Exercise objective
Beginning at the line that mentions "Macrame wall hanging", retype the rest of the records below exactly. Pictures are not part of the copy.

Data for review
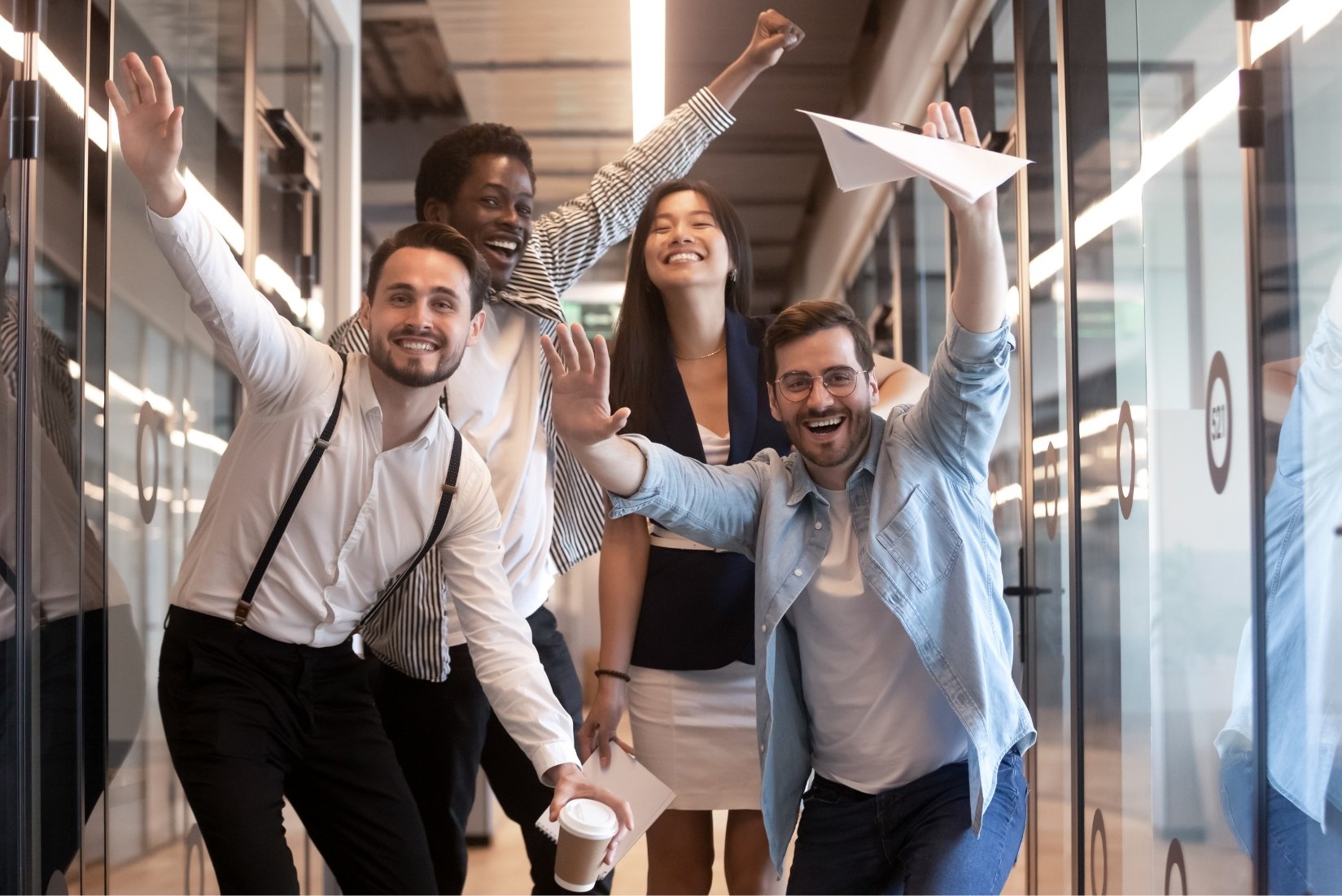 Équipe de collaborateurs souriants levant les mains en signe de victoire après avoir résolu l'énigme finale, décor extérieur estival ou bureau lumineux, ambiance conviviale et de réussite collective.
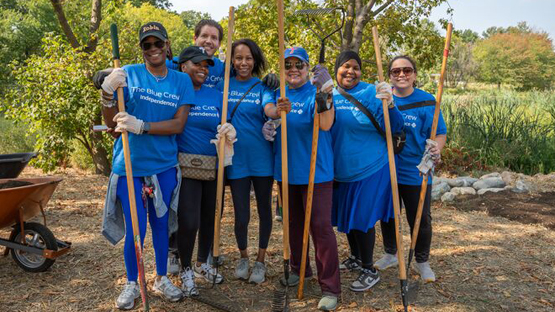 Volunteers making food at a barbecue.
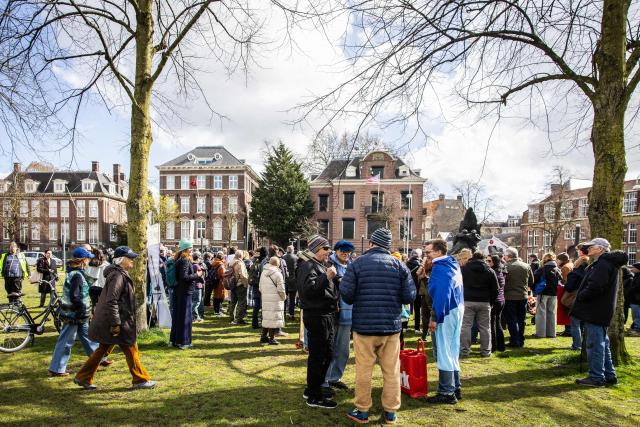 Protesters participate in a 'No Tyrants' demonstration in front of the US Consulate in Amsterdan on March 28, 2026, in solidarity with the anti-Trump (No Kings) demonstrations taking place throughout the US. (Photo by Dingena Mol / ANP / AFP) / Netherlands OUT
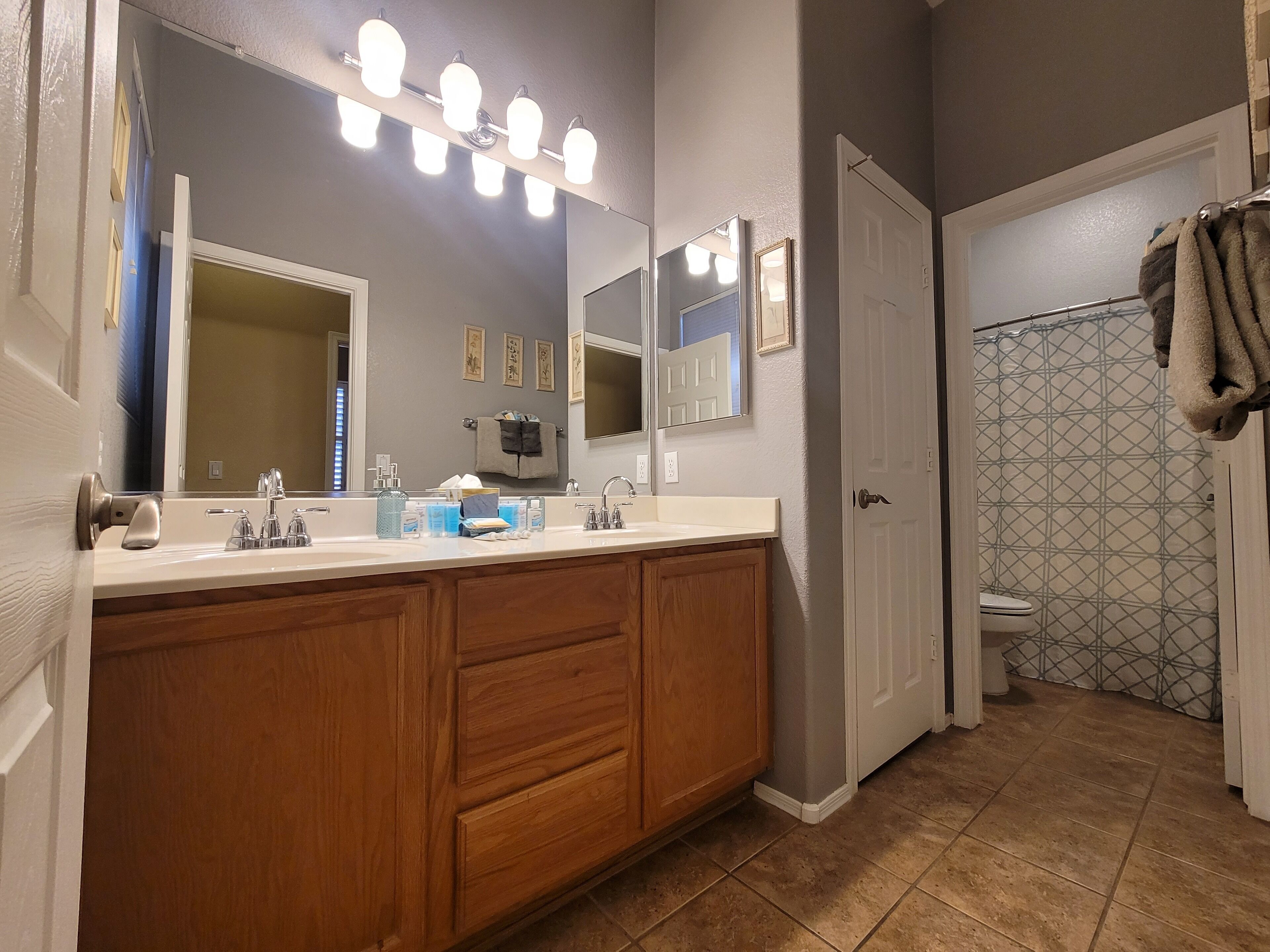Une salle de bain dotée d’un meuble-lavabo à deux vasques, d’armoires en bois, d’un grand miroir avec éclairage intégré, d’une douche avec un mur recouvert de carreaux à motifs et d’un porte-serviettes.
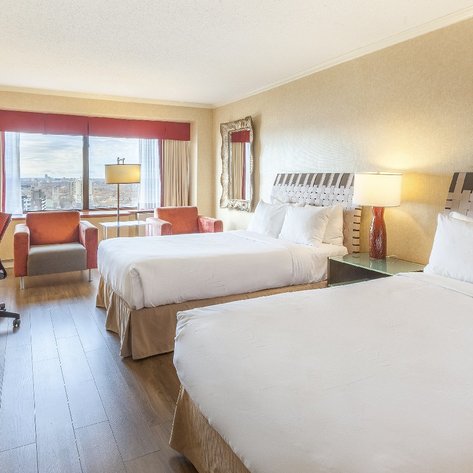 Ein modernes Hotelzimmer mit zwei großen Betten, einem Schreibtisch und einem Fenster, das einen Blick auf die Stadt bietet.
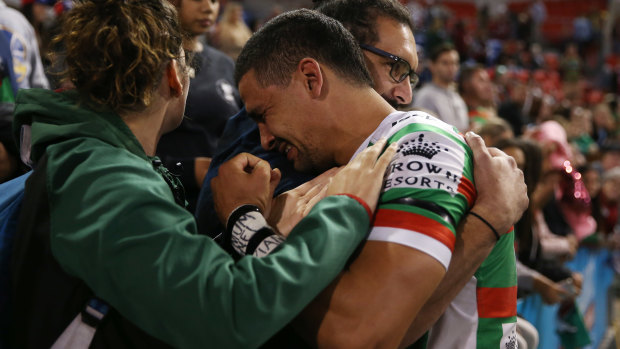 Outpouring of emotion: Walker breaks down in tears as he is embraced by brother Ryan and partner Nellie at full-time.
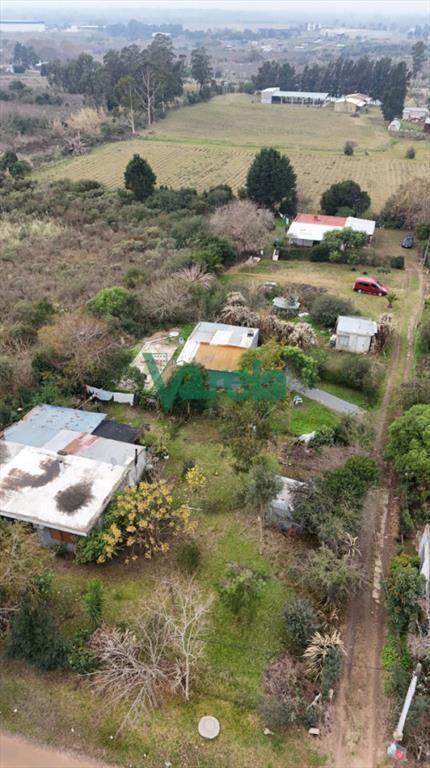 Venta terreno grande con mejoras barros blancos 5 casas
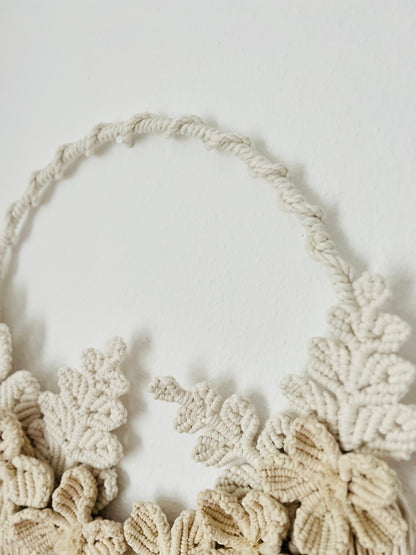 Macrame wall hanging with floral patterns on a plain background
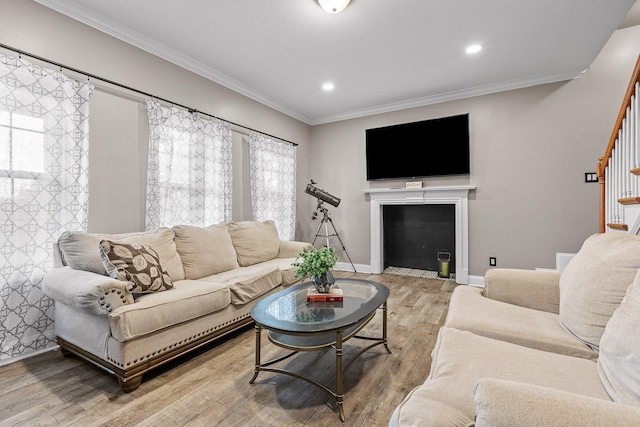 living room with light wood-type flooring and ornamental molding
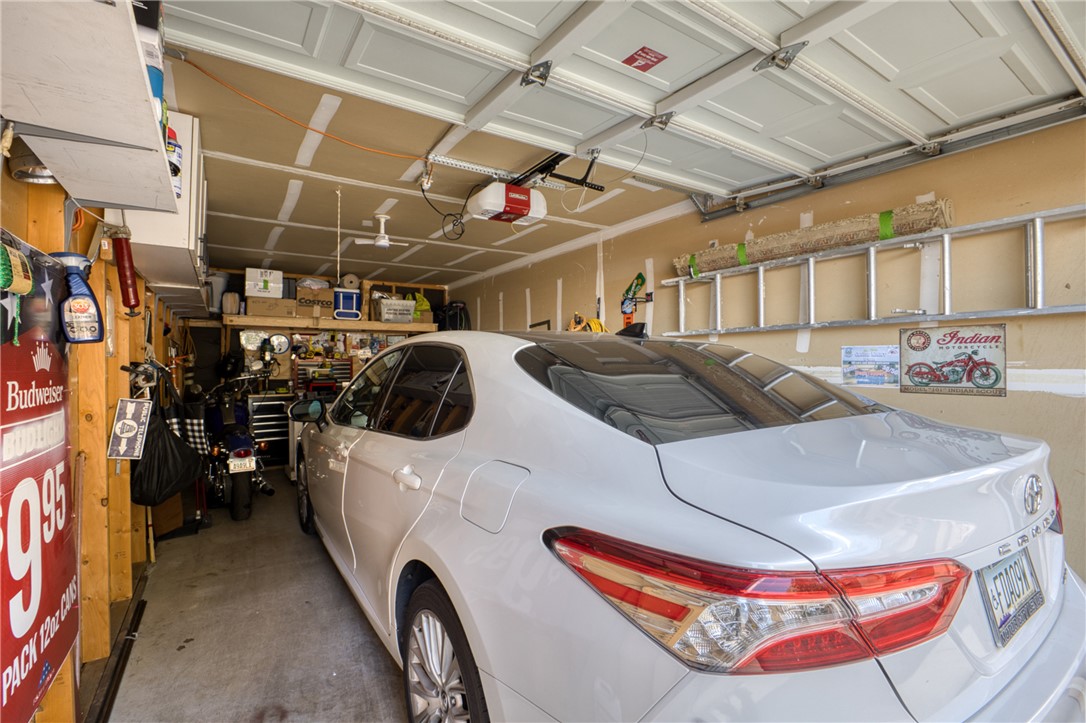 3400 Sunriver Road, Unit D2 Bullhead City, AZ 86429 - Photo 47 of 61 The property includes a garage featuring a ceiling-mounted garage door opener and overhead storage space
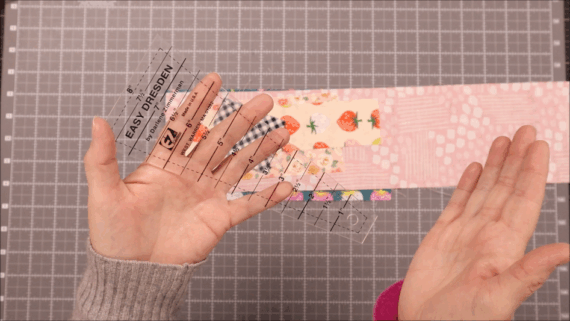 Two hands hold a clear plastic Dresden Plate ruler labeled "Easy Dresden" above a pink, patterned fabric strip on a gray cutting mat with a grid, ready to create beautiful quilt pieces.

Solved problem
 Macrame wall hanging with floral patterns on a plain background
 living room with light wood-type flooring and ornamental molding
 3400 Sunriver Road, Unit D2 Bullhead City, AZ 86429 - Photo 47 of 61 The property includes a garage featuring a ceiling-mounted garage door opener and overhead storage space
 Two hands hold a clear plastic Dresden Plate ruler labeled "Easy Dresden" above a pink, patterned fabric strip on a gray cutting mat with a grid, ready to create beautiful quilt pieces.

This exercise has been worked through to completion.